The inner northern Perth seat of Morley was perhaps Labor's most disappointing defeat when it lost office in 2008, and it stayed well beyond their grasp amid the tide to the Liberals in 2013. The electorate consists of Nollamara at the western end, Dianella between Morley Drive and Yirrigan Drive in the centre, and Noranda and most of Morley proper in the east. It has not been affected by the redistribution.

Morley first gave its name to an electorate from 1974 to 1996, with the name tweaked to Morley-Swan from 1983 to 1989, and was held by Labor through that time on margins of never less than 7.4%. With the original seat's abolition, the territory now covered by Morley was divided Ballajura in the east, and Nollamara followed by Yokine (from 2005) in the west. Apart from a 44-vote Liberal win in Ballajura in 1996, these electorates were likewise held by Labor.

Coming off Labor's strong result at the 2005 election, the seat had a notional Labor margin of 9.9% when it was recreated in 2008, but the party's campaign was fatally undermined when the member for Ballajura, John D'Orazio, ran as an independent after failing to win preselection. D'Orazio had been one of a number of ministers brought down by the inquiries of the Corruption and Crime Commission, which temporarily resulted in his expulsion from the ALP. He was not granted the waiver necessary to contest preselection after he was readmitted, as Premier Alan Carpenter was determined the seat should go to Reece Whitby, state political reporter for Channel Seven. D'Orazio polled 16.0% of the vote and directed his preferences to the Liberals, causing Whitby's 1.0% lead on the primary vote to convert to a losing margin of 0.9% at the final count.

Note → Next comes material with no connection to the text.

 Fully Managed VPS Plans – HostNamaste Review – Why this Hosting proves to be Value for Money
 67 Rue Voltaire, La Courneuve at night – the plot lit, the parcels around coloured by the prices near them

The seat has since been held for the Liberals by Ian Britza, a former church pastor who has remained on the back bench. Whitby ran again in 2013, but his primary vote remained static while Britza took up the slack from John D'Orazio (who died in April 2011), turning a post-redistribution Labor margin of 0.8% into a Liberal margin of 4.7%. When the unsuccessful spill motion against Colin Barnett was moved in September 2016, Britza joined resigning ministers Dean Nalder and Tony Simpson in declaring Barnett no longer had his support, and seconded the motion in the party room.

Morley will be contested for Labor by Amber-Jade Sanderson, a former official with the Left faction United Voice union who was elected to the upper house for East Metropolitan region from third position on the party ticket in 2013. Reece Whitby will make a third bid for office at the election, this time in the notionally safe new seat of Baldivis in the outer southern suburbs.